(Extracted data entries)
──────

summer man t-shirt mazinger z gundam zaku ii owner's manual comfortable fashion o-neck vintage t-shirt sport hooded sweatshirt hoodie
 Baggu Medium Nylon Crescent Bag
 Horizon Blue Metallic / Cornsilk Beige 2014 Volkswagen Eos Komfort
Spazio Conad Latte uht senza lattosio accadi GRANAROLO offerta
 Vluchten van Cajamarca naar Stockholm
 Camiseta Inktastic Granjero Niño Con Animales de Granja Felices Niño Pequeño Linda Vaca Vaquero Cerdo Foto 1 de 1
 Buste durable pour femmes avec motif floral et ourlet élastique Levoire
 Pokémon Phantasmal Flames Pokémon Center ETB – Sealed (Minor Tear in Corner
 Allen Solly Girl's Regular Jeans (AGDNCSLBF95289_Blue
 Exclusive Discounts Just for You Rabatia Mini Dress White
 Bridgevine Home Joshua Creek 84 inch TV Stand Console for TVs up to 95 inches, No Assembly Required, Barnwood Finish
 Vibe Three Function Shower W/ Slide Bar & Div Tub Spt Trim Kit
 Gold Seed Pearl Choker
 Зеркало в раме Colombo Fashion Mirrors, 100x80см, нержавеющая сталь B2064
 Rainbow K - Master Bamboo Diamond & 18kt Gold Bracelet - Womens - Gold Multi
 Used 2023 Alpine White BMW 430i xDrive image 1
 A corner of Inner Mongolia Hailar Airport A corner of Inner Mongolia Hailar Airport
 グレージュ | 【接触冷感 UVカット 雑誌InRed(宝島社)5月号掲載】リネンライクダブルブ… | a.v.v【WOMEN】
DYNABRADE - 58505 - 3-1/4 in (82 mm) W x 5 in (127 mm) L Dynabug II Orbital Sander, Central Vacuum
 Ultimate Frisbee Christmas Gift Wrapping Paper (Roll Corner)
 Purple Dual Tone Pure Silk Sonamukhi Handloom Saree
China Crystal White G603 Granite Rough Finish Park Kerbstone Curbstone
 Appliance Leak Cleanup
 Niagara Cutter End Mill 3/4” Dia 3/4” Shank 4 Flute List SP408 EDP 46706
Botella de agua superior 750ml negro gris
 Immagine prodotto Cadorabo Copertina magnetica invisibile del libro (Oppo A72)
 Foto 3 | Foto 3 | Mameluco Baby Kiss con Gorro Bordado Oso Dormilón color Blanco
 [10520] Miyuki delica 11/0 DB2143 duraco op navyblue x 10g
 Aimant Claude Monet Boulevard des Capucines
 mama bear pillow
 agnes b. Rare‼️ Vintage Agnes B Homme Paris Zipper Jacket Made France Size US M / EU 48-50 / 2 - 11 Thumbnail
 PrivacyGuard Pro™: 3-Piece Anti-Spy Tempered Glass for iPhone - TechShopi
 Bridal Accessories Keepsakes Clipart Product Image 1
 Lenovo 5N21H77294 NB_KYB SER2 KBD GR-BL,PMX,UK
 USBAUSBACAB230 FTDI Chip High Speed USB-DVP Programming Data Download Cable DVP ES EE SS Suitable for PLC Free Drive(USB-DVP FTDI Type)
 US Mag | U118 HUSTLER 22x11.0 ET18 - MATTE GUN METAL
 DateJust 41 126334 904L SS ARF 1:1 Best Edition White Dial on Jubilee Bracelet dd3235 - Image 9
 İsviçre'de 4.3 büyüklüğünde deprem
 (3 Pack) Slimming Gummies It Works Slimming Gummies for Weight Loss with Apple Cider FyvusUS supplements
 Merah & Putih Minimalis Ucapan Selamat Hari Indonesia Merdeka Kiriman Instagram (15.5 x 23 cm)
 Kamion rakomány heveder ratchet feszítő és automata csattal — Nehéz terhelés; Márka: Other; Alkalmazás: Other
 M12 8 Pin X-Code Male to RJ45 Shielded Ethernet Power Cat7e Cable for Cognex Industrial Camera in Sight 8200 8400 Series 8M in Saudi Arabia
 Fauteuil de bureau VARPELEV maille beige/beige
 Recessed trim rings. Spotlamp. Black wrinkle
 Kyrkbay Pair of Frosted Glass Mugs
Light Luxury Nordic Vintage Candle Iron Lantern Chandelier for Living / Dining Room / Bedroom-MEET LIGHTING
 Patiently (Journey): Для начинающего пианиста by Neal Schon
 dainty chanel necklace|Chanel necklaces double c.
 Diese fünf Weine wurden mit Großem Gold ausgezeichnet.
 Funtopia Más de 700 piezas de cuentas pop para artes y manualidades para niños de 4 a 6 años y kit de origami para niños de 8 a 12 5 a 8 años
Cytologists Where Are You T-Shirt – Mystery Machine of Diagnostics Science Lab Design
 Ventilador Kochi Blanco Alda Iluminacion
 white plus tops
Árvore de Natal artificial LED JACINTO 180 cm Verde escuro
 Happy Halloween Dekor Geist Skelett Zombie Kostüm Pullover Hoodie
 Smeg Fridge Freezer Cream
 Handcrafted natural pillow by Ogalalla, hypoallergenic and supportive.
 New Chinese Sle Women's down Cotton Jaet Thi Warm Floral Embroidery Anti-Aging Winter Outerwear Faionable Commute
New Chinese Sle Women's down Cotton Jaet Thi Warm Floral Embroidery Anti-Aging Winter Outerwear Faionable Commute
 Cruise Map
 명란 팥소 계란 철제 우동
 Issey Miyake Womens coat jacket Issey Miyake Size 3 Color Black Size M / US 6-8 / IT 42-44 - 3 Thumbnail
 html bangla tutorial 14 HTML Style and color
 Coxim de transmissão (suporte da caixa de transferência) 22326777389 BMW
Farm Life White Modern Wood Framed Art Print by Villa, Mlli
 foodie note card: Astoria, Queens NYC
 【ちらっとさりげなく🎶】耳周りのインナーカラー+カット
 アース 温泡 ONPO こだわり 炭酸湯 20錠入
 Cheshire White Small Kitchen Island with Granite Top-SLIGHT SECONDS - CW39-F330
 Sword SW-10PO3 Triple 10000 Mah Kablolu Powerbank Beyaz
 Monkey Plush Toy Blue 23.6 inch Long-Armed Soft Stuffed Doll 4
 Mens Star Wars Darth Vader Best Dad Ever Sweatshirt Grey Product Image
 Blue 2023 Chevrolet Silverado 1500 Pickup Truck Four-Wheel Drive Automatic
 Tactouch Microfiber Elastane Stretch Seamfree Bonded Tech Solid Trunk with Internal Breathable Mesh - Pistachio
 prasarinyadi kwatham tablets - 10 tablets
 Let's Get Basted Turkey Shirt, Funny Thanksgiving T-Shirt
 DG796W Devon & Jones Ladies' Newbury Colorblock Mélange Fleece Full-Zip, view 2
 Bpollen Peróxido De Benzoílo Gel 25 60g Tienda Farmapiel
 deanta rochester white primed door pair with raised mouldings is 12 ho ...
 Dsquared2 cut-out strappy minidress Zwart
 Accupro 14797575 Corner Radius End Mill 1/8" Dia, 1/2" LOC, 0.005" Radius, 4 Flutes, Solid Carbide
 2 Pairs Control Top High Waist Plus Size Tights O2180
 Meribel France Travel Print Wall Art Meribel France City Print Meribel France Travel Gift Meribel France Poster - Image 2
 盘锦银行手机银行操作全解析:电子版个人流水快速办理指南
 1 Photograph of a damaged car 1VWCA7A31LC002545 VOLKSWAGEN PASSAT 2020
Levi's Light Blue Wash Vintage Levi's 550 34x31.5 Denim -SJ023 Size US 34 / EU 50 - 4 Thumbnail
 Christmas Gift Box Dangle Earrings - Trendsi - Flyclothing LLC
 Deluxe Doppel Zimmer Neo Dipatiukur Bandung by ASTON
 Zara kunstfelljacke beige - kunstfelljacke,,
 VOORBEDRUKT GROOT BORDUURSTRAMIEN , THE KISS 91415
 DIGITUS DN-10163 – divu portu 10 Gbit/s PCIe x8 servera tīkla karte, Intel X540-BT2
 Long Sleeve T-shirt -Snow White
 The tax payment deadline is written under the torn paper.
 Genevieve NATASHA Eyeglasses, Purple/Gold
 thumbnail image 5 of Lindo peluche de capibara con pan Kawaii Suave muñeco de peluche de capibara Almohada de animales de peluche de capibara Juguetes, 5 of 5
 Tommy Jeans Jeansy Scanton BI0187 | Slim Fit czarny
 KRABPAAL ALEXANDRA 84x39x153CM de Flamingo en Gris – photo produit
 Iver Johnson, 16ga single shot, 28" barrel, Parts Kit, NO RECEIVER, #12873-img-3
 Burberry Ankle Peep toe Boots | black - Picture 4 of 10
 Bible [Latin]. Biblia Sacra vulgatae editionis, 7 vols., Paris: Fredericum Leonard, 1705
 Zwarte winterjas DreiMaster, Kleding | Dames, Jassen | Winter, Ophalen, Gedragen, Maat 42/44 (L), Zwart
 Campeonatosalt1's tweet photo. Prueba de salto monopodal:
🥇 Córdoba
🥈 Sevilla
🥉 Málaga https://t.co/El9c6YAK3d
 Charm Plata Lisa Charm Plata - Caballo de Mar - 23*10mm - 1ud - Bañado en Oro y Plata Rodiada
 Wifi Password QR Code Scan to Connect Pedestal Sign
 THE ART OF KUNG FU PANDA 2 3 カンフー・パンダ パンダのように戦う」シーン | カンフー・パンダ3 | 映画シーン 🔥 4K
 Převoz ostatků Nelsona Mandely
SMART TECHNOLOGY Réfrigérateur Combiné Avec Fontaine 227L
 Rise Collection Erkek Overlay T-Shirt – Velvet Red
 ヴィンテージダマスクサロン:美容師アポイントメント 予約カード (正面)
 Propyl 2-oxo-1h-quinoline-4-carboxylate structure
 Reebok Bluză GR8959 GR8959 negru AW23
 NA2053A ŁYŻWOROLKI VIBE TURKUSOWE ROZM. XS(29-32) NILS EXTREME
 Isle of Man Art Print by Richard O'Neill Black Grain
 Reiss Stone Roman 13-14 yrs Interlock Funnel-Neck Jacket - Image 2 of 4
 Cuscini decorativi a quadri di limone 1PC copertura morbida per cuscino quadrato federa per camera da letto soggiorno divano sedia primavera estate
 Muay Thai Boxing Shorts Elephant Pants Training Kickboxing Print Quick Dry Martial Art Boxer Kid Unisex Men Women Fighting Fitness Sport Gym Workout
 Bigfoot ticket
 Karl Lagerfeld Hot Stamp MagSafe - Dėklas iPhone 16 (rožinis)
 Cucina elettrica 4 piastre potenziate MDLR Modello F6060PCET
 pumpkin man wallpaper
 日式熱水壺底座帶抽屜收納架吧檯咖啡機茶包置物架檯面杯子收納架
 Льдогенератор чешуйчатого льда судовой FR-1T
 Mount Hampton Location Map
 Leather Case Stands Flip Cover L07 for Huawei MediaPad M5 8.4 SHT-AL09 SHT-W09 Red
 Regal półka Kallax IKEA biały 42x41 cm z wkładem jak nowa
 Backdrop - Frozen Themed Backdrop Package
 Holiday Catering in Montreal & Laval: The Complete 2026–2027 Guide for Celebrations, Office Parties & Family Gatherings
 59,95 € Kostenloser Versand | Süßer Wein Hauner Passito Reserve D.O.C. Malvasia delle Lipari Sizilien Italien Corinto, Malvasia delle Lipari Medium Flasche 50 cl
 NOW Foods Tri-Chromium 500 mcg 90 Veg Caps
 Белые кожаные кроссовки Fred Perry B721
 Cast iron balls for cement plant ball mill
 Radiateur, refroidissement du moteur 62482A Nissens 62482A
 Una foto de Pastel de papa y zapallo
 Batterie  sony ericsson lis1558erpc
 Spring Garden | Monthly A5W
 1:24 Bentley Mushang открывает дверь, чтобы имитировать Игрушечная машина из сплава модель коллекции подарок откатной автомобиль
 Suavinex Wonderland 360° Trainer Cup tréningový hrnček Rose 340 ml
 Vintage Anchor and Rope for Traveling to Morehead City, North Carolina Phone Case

──────

Beginning with the line that contains "1:24 Bentley Mushang", write out every line through the end of the entries above, exactly.

§ **THE ANSWER**:
 1:24 Bentley Mushang открывает дверь, чтобы имитировать Игрушечная машина из сплава модель коллекции подарок откатной автомобиль
 Suavinex Wonderland 360° Trainer Cup tréningový hrnček Rose 340 ml
 Vintage Anchor and Rope for Traveling to Morehead City, North Carolina Phone Case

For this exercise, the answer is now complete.